Dataset excerpts:
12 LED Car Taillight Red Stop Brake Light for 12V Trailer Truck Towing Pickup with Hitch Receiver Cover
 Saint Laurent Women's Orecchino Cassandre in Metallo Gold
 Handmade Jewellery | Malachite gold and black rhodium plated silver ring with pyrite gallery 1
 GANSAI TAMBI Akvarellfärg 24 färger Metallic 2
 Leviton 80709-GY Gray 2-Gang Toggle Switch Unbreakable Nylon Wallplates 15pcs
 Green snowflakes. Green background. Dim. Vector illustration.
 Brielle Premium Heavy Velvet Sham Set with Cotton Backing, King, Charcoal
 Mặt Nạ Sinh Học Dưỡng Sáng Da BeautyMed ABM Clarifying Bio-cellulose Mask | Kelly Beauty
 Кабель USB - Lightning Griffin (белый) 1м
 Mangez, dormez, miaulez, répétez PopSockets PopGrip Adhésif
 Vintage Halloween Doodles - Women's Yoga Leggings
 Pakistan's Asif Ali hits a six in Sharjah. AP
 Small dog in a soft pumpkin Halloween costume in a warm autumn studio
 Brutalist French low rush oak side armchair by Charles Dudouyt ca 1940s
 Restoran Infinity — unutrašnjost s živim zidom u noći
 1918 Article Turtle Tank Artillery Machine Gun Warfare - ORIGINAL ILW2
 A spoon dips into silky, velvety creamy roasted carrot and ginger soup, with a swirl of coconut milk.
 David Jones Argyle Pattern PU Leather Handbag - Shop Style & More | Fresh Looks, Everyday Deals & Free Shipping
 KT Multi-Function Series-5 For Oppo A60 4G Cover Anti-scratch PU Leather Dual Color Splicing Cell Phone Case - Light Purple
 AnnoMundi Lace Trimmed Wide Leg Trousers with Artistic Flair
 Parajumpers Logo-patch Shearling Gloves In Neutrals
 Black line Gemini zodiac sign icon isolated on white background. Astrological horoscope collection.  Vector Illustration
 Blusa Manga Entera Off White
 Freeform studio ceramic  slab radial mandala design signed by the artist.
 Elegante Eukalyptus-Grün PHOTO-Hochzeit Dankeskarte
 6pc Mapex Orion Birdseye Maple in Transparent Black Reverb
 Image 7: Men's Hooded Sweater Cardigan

◆ Exercise goal
Write out the line containing "David Jones Argyle" and every line after it through the end of the entries. Keep each one exactly as it is, and add nothing.

◆ Solved problem
 David Jones Argyle Pattern PU Leather Handbag - Shop Style & More | Fresh Looks, Everyday Deals & Free Shipping
 KT Multi-Function Series-5 For Oppo A60 4G Cover Anti-scratch PU Leather Dual Color Splicing Cell Phone Case - Light Purple
 AnnoMundi Lace Trimmed Wide Leg Trousers with Artistic Flair
 Parajumpers Logo-patch Shearling Gloves In Neutrals
 Black line Gemini zodiac sign icon isolated on white background. Astrological horoscope collection.  Vector Illustration
 Blusa Manga Entera Off White
 Freeform studio ceramic  slab radial mandala design signed by the artist.
 Elegante Eukalyptus-Grün PHOTO-Hochzeit Dankeskarte
 6pc Mapex Orion Birdseye Maple in Transparent Black Reverb
 Image 7: Men's Hooded Sweater Cardigan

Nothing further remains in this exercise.